At the same time, he said, punitive tariffs on China would remain in place till the time the second phase of the trade deal is agreed.
Describing this as the start of new chapter in US-China relations, Vice President Mike Pence quoted an ancient Chinese proverb: “let today be the beginning of a brighter future... more prosperous” for both the American and Chinese people.
The historic agreement
The agreement was signed in front of Mike Pence, several of his Cabinet Colleagues including Treasury Secretary Steven Mnuchin and Commerce Secretary Wilbur Ross and top officials.
Former Secretary of State Henry Kessinger, who is considered to be the architect of the modern US-China relations, was present on the occasion.
Who’s Who of the American corporate world including Master Card CEO Ajay Banga and Sanjay Mehrotra from Micron were also present in the East Room of the White House during the signing ceremony.
“This historic agreement includes a major commitment by China to make significant reforms in a wide range of critical areas and to make substantial additional purchases of American goods and services in the coming years,” the White House said.
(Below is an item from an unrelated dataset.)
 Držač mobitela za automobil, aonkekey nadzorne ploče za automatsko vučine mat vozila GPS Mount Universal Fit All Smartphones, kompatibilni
This agreement is strengthened by a strong dispute resolution system that ensures prompt and effective implementation and enforcement of this historic deal, it said.
Reactions to the trade deal
Congressman Kevin Brady, Chairman of the House Ways and Means Committee described this as a historic day for American workers and businesses.
“President Trump, Trade Ambassador Lighthizer and Secretary Mnuchin are achieving what no White House has before them: a strong, real and enforceable commitment from China to end unfair trade practices and level the playing field for American workers, manufacturers, farmers, and businesses,” he said.
“I hope this proves to be a turning point in our economic relationship with China, but I’ve seen enough history to be clear-eyed,” Senator Chuck Grassley said.
“Not only must China follow through with its commitments in this phase one deal, but also work toward a comprehensive agreement that ends forced technology transfers, intellectual property theft and unfair restrictions on US goods, including agriculture. Only then will we know if China can be a reliable economic partner in the 21st century,” Grassley said.
Former US Vice President Joe Biden, who is a leading Democratic presidential candidate, alleged that China is the big winner of Trump’s “phase-one” trade deal with Beijing.
“True to form, Trump is getting precious little in return for the significant pain and uncertainty he has imposed on our economy, farmers, and workers,” he said.
“The deal won’t actually resolve the real issues at the heart of the dispute, including industrial subsidies, support for state-owned enterprises, cybertheft, and other predatory practices in trade and technology,” Biden said.